Politik für die Biosphäre

Ausgabe: 1991 | 4

Jeremy Rifkin ist Präsident der Foundation on Economic Trends and Greenhouse Crisis Foundation in Washington und hat als Autor von "Time Wars" und neun anderer provokanter Bücher aus dem Themenkreis Technik und Politik aufhorchen lassen. In seinem neuen Buch vertritt er die Anschauung, dass eine Reihe neuer Umweltprobleme aufgetreten sind, deren Wirkungen den ganzen Globus betreffen und die die Zukunft der Zivilisation insgesamt gefährden. Die weltweite Erwärmung, das Ozonloch, der saure Regen, die Abholzung der Regenwälder, die Ausbreitung der Wüsten und das Aussterben von Arten zwingen die Menschheit dazu, sich endlich ernsthaft Gedanken   um ein globales Umweltsicherheitssystem zu machen.
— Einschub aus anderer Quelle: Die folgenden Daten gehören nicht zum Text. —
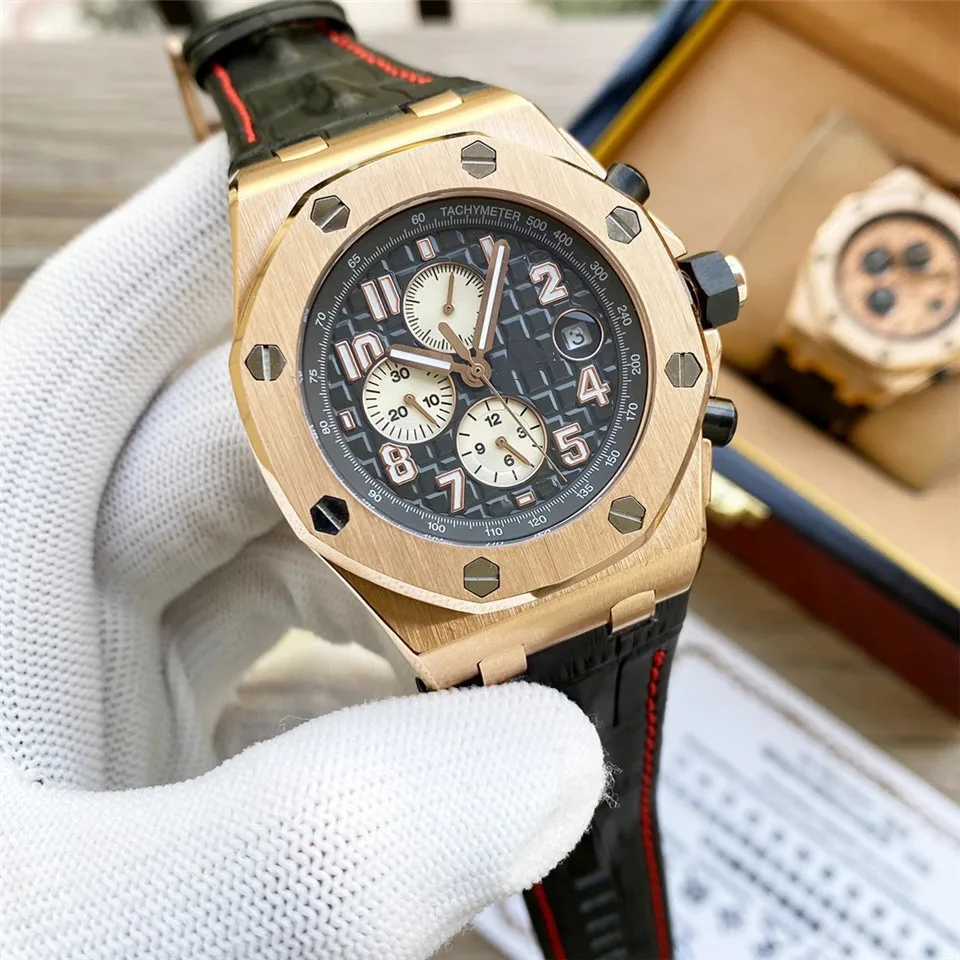 Custom logo Oak 3126 movement Genuine Leather Band silver case blue grid dial luminous luxury waterproof sport watch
Politik für die Biosphäre fasst das Denken dreier großer gesellschaftlicher Strömungen der Zeit nach dem Zweiten Weltkrieg zu einer gemeinsamen Vision zusammen:

  1. die Bewegungen für eine partizipatorische Demokratie und ökonomische Gerechtigkeit (inkl. der Frauenrechtsbewegung, der Menschenrechtsgruppen und der Initiativen für mehr Demokratie)
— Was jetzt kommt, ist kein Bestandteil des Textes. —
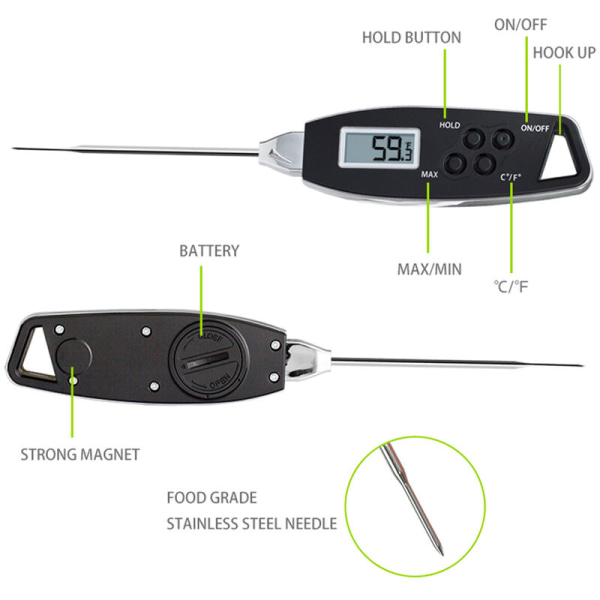 Keittiön vedenpitävä lämpömittari, nopea lämpötilan mittaus lihalle ja grillihaarukalle (musta)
  2. die Bewegungen zum Schutz und zur Erhaltung der Umwelt (mit den Tierschutzgruppen und den Initiativen für eine alternative Landwirtschaft); und
  3. die Bewegungen, die sich um heilende Erfahrungen und eine Politik des Übergangs gruppieren (mit den Strömungen für mehr Menschlichkeit, für ein ganzheitliches Gesundheitswesen und dem neuen spirituellen Wiedererwachen in vielen Religionen).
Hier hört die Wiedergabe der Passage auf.